There is, of course, the Jaredite “Sea that divided the land,” which was connected to the Narrow Neck of Land, as well as their Ripliancum, a water area in the north.

However, Mormon makes it clear that the Land of Promise began in the south where Lehi landed (Alma 22:28)—not in North America as Meldrum and Porter claim, or in Mesoamerica as Sorenson and others claim. This is seen in their various Land of Promise maps which shows an attempt to place various lands in the space each has suggested that do not fit properly, nor agree with Mormon’s description.

From this landing location, Mormon tells us that the Nephites moved northward when Nephi was told by the Lord to flee into the wilderness and take as many as would go with him (2  Nephi 5:5).

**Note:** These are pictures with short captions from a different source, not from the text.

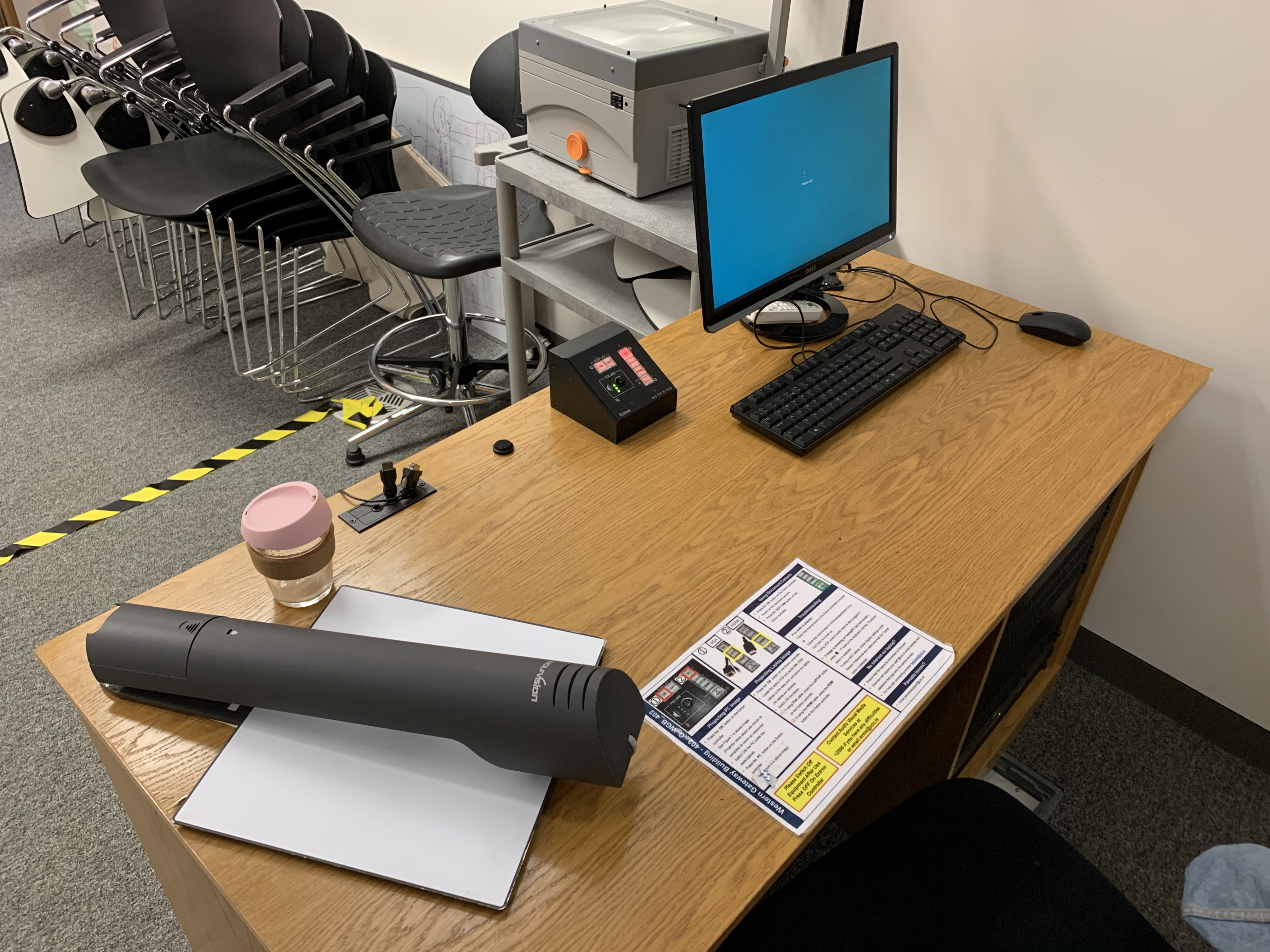 Photo of the desk in WGB 4.02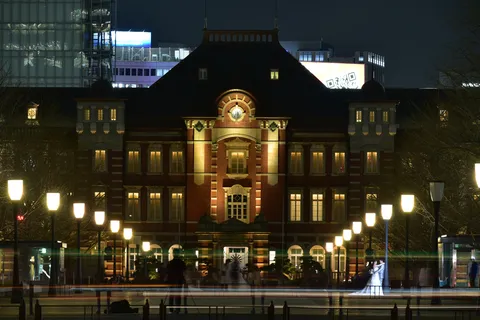 光と闇が交錯する都会の夜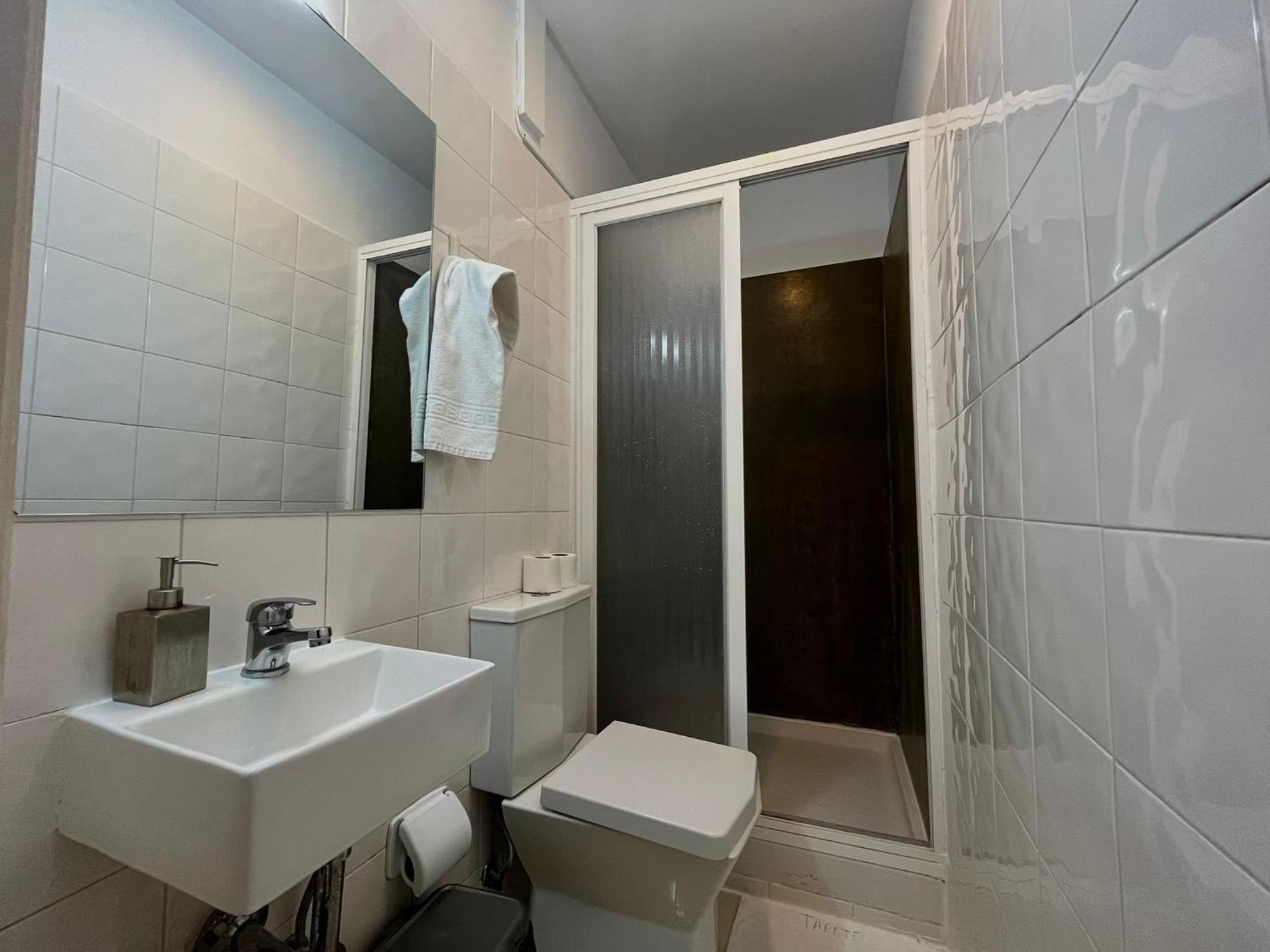 2 Bedroom, 2 Bathroom Apartment - Travessa Da Madalena Lisboa Exteriör bild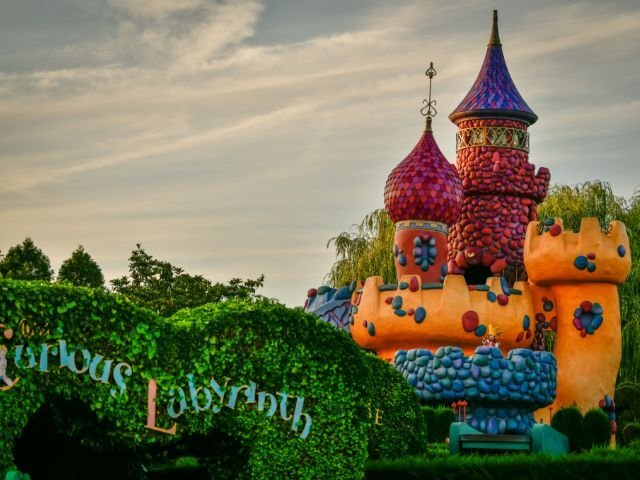 Disneyland Paris - Disneyland Park - Alice's Curious Labyrinth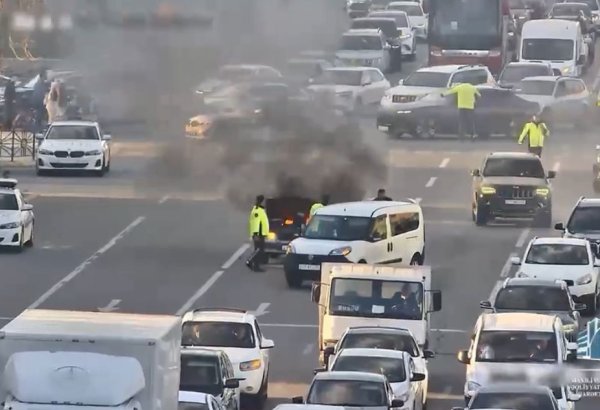 Xətaidə hərəkətdə olan avtomobil yanıb (VİDEO)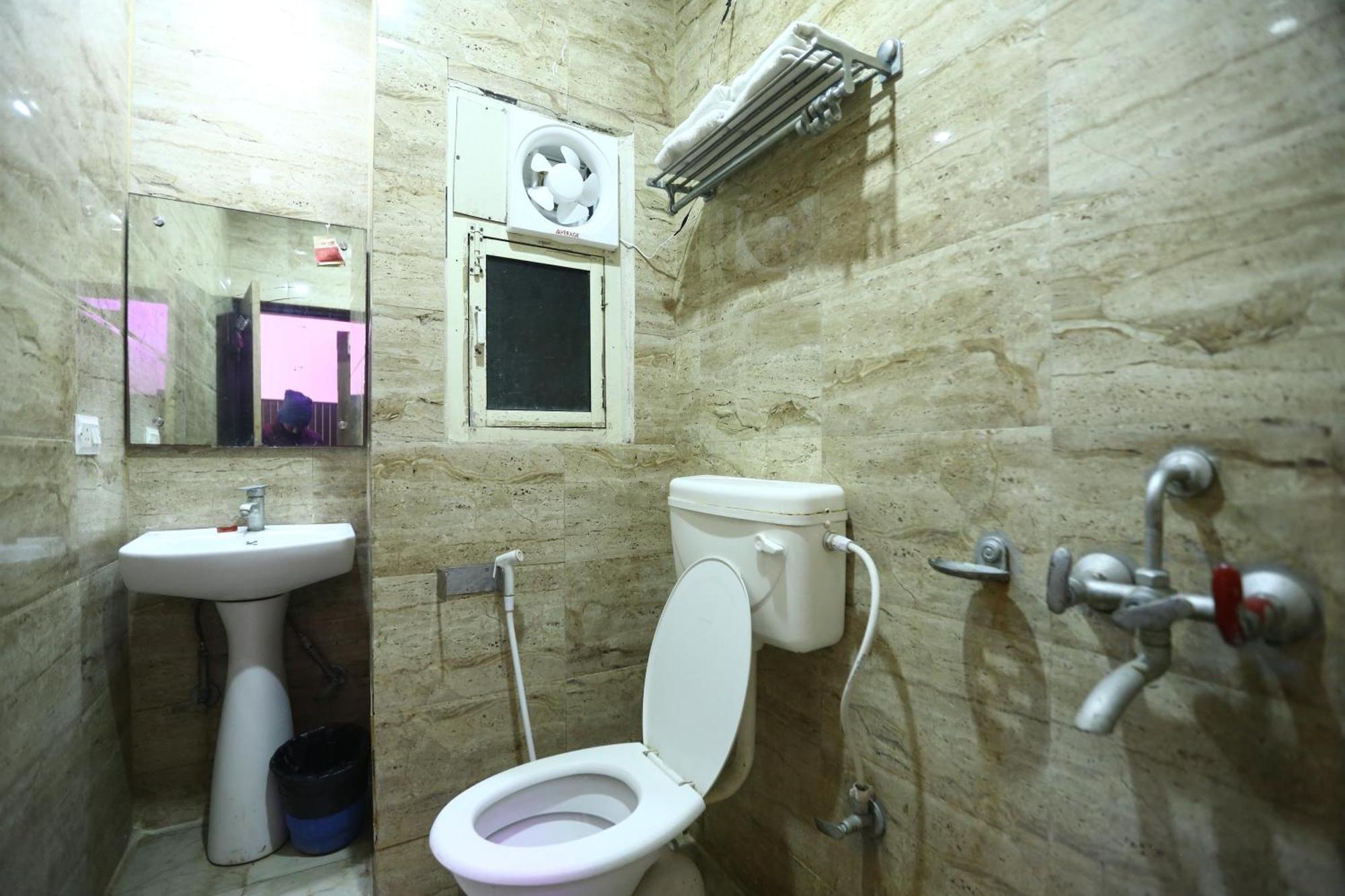 24 Hotel & Resort Agra  Esterno foto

Now to the south were the Lamanites, to the west was the Sea West, and to the east was the Sea East—that left only northward.

Nephi was led by the Liahona and settled in a location the Lord had chosen for them, the area later known as the City of Nephi within the Land of Nephi. There the Nephites stayed about 400 years until they became so wicked, that the Lord told Mosiah to “flee out of the Land of Nephi with as many as would hearken unto the voice of the Lord should also depart out of the land with him, into the wilderness” (Omni 1:12).

Nephi traveled northward in search of a settlement area far distant from his older brothers who sought his life, which when settled, called it the Land of Nephi

 

They traveled northward, since the Land of Zarahemla and the city of Zarahemla, which Mosiah discovered, was in that direction (Alma 22:27). As Mormon inserts: “The king sent a proclamation throughout all the land, amongst all his people who were in all his land, who were in all the regions round about, which was bordering even to the sea, on the east and on the west, and which was divided from the land of Zarahemla by a narrow strip of wilderness” (the Land of Nephi was to the south and the Land of Zarahemla was to the north of this narrow strip of wilderness), which ran from the sea east even to the sea west, and round about on the borders of the seashore, and the borders of the wilderness which was on the north by the land of Zarahemla, (north of the king’s Land of Nephi) through the borders of Manti, by the head of the river Sidon, running from the east towards the west -- and thus were the Lamanites and the Nephites divided” (Alma 22:27, emphasis added).

Northward from the Land of Zarahemla was the Land of Bountiful (Alma22:29) and northward, beyond that, Bountiful bordered upon the land which they called Desolation, it being so far northward that it came into the land which had been peopled and been destroyed—thus the land on the northward was called Desolation, and the land on the southward was called Bountiful” (Alma 22:30-31). And northward of this area was the Land of Cumorah within a Land of Many Waters (Mormon 6:4).

It seems inarguable that if one is going to located the Land of Promise that these scriptural reference points, locations and directions need to be considered, and more specifically, the descriptions of all this written and described by Mormon.

1 comment:

  1. We have lots of geographical details about this land, but it doesnt exist anymore. The whole face of the land was changed.

    We have this fact in the scriptures but people refuse to believe something like a part of the south american content being an island until the time of Christ's death.